**What you will do**
Will you write out, word for word, every line from the one with "Xe quét rác" to the final line of the data below, with the pictures left out?

**Input data**
------------------------------------------------

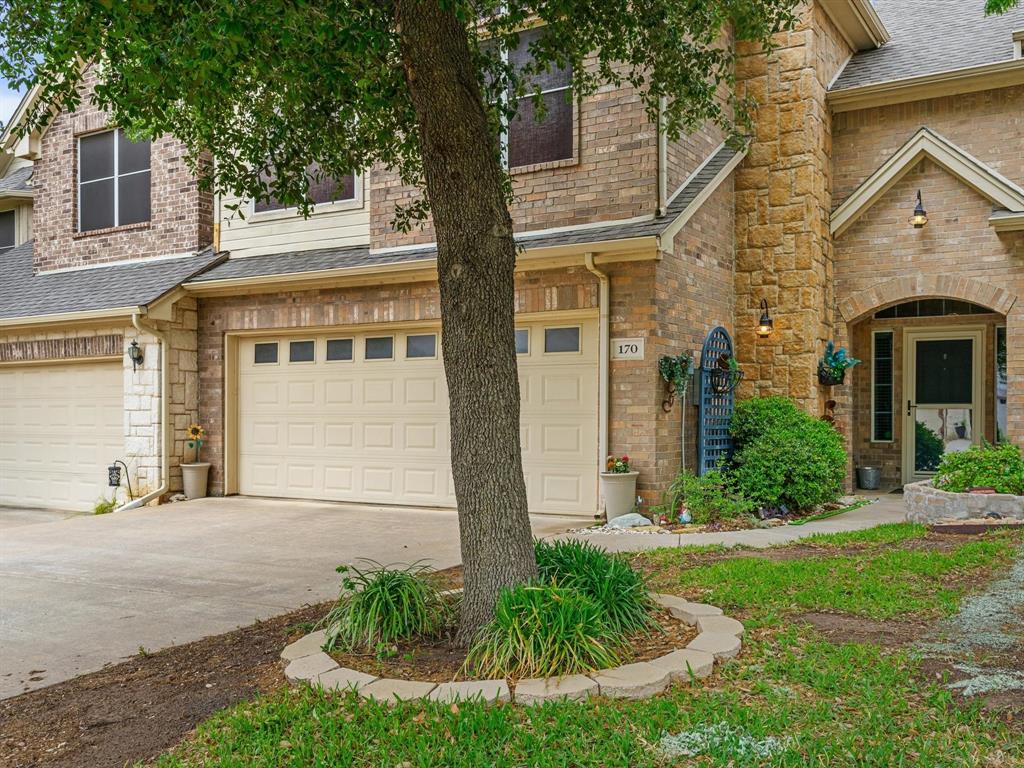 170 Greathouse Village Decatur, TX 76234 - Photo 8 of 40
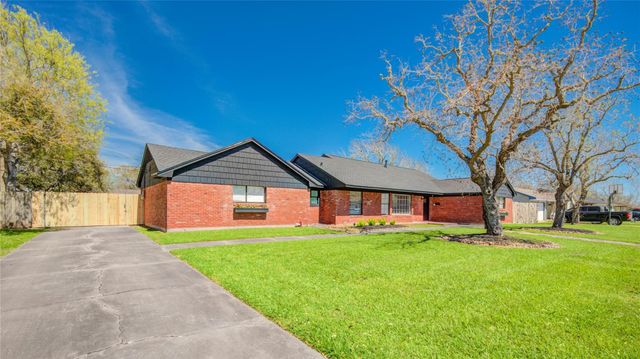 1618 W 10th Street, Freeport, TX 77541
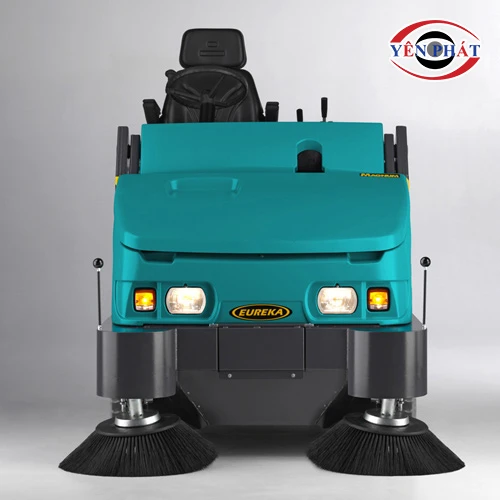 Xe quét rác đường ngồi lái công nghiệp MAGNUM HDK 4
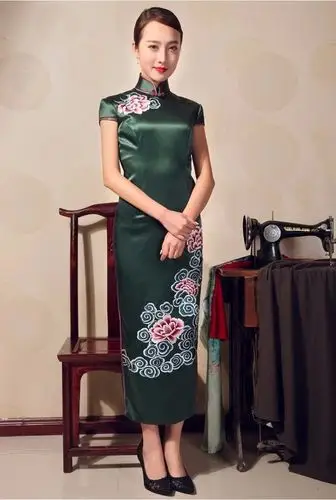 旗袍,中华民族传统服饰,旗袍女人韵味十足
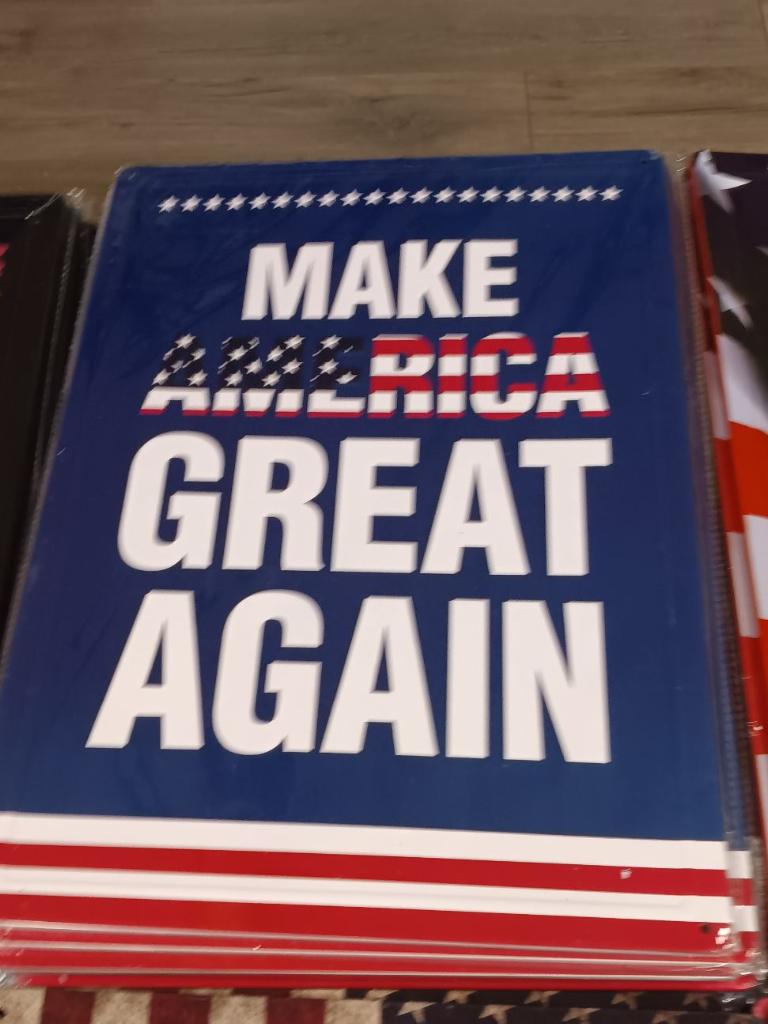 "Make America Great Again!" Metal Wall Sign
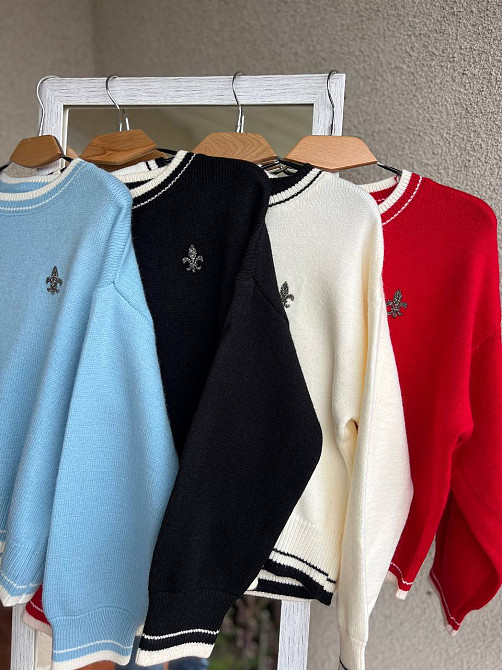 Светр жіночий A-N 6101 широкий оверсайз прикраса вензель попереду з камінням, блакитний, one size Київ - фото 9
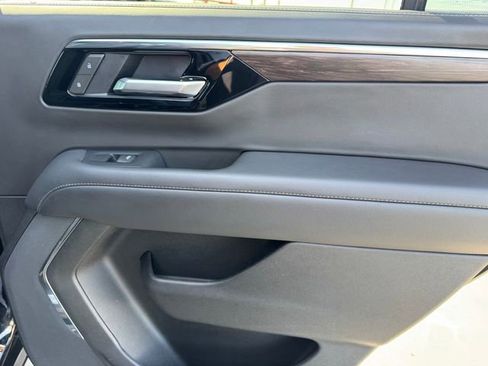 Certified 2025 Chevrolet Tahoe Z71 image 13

------------------------------------------------

**Answer space**
 Xe quét rác đường ngồi lái công nghiệp MAGNUM HDK 4
 旗袍,中华民族传统服饰,旗袍女人韵味十足
 "Make America Great Again!" Metal Wall Sign
 Светр жіночий A-N 6101 широкий оверсайз прикраса вензель попереду з камінням, блакитний, one size Київ - фото 9
 Certified 2025 Chevrolet Tahoe Z71 image 13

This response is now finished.